A classic performance optimization when dealing with larger amounts of data relates to typical usage patterns: Like requiring only a subset of columns, we often want to only use a subset of rows. For example, we might only consider a given time period like all the rows from the last three months. This is where table partitioning is helpful to divide the data into more manageable blocks. The result is faster (and likely cheaper) queries if the queries filter by a given partitioning scheme. Note that your data processing engine and storage determine how the definition of partitions is implemented. For example, Hive-style partitioning separates data in folders:
purchases/date=20240801/
fileA.parquet
fileB.parquet
fileC.parquet
purchases/date=20240802/
fileA.parquet
fileB.parquet
fileC.parquet
Suppose you now want to run a query like SELECT count(*) FROM purchases WHERE date='20240802'
, then the query engine only needs to read the files from purchases/date=20240802
, skipping all the other data files. Hive-style partitioning works well, but also comes with several limitations with respect to exacerbating the small file problem, processing overhead (file listings), and operational complexity (e.g. when altering partitions). In contrast, modern data formats like Apache Iceberg and Delta Lake provide more sophisticated partitioning techniques, mitigating some of the drawbacks. Besides performance-related aspects, the concept of immutable partitioning itself leads to interesting opportunities for building robust and reproducible data pipelines.

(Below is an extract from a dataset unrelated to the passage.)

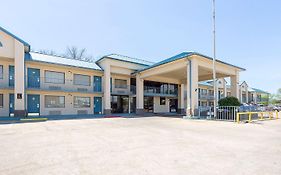 Econo Lodge Inn & Suites Bentonville Exterior photo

In addition to table partitioning, table clustering (or sometimens called bucketing) sorts related rows (according to a given set of columns) within a partition to align the order to common query usage patterns, enhancing performance. It’s often advisable to consider both partitioning and clustering for achieving maximum performance, though the former is certainly more critical for all workloads that process larger amounts of data.